DESCRIPTION OF THE TASK
Below are entries; copy exactly the lines from the one with "View from our" through the one with "Data (Ke Huy", both included, and leave out the rest.

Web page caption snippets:

[Start of Attachment]

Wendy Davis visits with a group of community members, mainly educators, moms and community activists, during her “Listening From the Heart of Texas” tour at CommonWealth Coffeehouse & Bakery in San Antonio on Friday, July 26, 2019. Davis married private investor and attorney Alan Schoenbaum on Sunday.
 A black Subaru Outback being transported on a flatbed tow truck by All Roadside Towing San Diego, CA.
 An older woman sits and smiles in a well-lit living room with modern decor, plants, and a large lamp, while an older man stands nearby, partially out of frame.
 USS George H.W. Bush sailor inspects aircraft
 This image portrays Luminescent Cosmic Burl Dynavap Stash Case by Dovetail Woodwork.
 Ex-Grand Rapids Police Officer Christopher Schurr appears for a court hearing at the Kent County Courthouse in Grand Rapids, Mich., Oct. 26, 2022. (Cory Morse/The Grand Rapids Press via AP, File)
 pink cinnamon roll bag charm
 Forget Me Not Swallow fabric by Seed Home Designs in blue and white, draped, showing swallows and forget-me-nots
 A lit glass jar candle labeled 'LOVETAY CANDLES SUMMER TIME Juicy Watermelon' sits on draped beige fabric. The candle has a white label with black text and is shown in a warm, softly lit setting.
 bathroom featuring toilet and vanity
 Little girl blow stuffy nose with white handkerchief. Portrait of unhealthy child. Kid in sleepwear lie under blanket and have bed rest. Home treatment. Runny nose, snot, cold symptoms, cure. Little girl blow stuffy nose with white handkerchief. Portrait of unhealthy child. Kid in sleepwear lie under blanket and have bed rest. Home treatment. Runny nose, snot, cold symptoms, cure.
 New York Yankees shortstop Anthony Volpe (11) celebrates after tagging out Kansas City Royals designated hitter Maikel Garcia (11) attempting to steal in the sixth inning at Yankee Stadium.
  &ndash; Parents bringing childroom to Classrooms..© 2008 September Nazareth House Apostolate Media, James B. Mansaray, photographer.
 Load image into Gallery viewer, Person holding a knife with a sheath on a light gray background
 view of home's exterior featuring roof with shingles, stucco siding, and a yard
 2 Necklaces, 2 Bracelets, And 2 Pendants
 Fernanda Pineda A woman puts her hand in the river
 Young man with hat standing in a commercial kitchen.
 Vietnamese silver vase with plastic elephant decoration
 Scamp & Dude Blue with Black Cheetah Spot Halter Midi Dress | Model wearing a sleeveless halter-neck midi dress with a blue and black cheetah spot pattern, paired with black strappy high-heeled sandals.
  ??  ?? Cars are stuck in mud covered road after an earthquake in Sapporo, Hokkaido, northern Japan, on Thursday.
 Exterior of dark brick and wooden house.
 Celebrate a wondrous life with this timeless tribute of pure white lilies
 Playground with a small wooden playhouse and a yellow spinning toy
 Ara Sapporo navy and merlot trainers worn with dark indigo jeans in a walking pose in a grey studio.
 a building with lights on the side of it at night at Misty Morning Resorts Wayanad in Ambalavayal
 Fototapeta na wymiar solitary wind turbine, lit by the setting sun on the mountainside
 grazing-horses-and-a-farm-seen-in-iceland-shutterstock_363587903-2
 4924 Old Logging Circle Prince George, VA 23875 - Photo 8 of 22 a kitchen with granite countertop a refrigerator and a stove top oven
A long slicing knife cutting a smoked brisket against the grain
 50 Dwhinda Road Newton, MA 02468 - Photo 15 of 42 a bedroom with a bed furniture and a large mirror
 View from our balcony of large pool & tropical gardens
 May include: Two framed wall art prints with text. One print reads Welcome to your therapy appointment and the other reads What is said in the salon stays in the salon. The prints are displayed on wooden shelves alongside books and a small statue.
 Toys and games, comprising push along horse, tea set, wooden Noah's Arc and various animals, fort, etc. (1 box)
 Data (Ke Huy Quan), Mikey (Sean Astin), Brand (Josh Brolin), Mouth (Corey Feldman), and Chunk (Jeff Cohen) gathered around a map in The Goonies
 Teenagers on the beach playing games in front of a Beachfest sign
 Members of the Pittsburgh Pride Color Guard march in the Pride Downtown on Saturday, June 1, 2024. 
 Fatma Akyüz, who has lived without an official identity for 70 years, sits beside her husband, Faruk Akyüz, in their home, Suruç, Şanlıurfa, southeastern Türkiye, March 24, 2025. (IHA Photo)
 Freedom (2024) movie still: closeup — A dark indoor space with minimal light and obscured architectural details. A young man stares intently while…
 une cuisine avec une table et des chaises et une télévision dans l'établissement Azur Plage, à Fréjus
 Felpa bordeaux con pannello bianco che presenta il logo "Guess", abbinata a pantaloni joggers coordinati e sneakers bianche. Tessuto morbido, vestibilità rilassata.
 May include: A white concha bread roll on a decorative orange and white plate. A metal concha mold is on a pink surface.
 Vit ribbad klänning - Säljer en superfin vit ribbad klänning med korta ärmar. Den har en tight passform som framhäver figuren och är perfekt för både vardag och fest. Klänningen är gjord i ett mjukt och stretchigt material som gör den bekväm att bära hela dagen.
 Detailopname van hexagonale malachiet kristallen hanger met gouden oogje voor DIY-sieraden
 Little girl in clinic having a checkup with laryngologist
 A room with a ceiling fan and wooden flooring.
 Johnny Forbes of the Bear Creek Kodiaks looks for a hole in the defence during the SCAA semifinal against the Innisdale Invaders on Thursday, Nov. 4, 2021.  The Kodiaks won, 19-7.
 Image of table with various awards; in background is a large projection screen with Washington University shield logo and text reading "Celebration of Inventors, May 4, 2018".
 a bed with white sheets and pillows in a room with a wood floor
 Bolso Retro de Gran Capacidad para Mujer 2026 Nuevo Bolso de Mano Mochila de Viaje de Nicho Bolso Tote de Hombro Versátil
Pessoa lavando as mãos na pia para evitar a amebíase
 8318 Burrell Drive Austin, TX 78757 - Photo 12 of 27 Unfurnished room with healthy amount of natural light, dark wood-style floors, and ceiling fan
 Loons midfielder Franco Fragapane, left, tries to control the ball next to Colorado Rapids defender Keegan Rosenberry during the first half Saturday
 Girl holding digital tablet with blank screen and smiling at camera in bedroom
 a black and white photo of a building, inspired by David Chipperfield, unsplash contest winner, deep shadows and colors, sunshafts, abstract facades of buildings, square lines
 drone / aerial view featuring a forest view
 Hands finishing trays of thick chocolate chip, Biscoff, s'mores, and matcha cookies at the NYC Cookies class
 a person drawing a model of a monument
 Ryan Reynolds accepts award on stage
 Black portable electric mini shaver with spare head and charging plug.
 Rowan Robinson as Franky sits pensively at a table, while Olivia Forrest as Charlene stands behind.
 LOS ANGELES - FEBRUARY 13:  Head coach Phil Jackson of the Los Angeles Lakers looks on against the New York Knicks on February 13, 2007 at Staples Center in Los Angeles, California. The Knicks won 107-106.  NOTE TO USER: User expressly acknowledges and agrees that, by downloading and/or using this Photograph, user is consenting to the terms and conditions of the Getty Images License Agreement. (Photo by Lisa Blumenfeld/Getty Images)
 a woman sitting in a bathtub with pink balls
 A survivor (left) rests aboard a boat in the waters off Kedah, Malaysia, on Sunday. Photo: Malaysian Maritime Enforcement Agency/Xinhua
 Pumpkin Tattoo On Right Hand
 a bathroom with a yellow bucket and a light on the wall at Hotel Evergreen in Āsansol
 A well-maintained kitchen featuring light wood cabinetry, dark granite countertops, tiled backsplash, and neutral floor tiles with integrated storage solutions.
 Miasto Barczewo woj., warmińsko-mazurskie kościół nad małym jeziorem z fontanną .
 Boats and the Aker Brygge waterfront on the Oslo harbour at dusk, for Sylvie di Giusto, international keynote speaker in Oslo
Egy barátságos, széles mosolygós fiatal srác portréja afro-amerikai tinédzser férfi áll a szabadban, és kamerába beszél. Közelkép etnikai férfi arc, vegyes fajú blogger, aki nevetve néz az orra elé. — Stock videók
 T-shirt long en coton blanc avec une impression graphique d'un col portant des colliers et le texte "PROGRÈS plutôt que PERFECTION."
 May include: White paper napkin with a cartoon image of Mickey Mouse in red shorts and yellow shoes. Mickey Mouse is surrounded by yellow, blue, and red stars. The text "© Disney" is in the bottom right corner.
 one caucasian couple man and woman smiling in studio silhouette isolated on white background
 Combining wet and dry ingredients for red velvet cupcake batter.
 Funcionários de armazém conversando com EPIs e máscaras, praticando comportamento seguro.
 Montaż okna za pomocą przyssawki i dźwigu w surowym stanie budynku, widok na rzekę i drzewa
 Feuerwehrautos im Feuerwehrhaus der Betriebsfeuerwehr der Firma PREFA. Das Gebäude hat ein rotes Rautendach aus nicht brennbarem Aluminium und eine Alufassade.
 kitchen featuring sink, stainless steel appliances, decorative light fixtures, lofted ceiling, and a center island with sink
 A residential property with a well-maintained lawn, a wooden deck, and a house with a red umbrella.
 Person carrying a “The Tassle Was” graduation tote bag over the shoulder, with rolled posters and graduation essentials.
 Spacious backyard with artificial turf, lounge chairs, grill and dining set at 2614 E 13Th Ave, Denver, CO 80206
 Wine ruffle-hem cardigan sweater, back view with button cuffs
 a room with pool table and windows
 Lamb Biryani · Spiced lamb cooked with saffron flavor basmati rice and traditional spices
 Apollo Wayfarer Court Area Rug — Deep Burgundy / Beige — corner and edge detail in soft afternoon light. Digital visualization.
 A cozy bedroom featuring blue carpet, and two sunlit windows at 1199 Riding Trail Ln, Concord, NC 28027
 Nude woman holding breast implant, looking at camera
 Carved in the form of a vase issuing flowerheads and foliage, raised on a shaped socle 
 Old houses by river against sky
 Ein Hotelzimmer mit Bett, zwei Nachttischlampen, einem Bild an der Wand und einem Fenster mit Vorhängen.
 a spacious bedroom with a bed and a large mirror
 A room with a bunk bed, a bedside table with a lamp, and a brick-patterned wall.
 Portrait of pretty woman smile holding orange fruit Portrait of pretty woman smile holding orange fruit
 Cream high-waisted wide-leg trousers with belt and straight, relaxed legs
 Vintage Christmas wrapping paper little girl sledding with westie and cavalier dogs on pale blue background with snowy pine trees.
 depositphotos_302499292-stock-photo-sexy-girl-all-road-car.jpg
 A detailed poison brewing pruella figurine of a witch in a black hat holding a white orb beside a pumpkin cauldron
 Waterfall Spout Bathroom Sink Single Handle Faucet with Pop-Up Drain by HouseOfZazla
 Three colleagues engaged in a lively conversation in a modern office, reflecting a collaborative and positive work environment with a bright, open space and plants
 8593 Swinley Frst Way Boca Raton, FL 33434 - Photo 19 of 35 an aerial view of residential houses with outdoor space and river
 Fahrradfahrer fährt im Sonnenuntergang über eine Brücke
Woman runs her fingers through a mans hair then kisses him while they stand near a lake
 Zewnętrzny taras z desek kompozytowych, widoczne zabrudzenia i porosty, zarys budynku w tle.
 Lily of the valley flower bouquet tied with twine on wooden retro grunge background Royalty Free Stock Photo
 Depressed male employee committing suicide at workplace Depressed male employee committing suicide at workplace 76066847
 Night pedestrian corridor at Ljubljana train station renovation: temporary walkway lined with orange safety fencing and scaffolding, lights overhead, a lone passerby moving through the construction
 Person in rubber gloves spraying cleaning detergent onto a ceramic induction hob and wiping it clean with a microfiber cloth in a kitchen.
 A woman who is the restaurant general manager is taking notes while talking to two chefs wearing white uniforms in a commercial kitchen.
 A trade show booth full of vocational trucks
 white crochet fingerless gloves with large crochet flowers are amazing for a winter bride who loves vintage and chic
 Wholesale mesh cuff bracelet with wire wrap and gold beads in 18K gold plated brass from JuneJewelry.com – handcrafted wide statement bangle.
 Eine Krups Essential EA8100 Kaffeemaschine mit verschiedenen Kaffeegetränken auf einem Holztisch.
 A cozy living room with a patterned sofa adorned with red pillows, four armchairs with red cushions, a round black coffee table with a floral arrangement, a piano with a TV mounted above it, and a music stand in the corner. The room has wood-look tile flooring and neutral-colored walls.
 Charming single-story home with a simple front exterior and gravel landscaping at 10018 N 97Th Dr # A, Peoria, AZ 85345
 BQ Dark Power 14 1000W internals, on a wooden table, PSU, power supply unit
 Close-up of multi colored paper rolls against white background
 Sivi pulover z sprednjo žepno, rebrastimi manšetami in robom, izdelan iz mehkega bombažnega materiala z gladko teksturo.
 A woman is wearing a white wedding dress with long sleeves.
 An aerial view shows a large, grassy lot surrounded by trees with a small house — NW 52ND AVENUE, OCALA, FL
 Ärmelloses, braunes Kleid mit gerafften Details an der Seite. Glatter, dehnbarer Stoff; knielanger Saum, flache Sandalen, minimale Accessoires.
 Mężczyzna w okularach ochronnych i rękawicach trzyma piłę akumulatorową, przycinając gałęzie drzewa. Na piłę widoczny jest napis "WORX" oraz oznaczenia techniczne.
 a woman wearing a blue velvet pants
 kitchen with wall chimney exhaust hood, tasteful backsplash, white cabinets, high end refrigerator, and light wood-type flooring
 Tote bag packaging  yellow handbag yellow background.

[End of Attachment]

ANSWER
 View from our balcony of large pool & tropical gardens
 May include: Two framed wall art prints with text. One print reads Welcome to your therapy appointment and the other reads What is said in the salon stays in the salon. The prints are displayed on wooden shelves alongside books and a small statue.
 Toys and games, comprising push along horse, tea set, wooden Noah's Arc and various animals, fort, etc. (1 box)
 Data (Ke Huy Quan), Mikey (Sean Astin), Brand (Josh Brolin), Mouth (Corey Feldman), and Chunk (Jeff Cohen) gathered around a map in The Goonies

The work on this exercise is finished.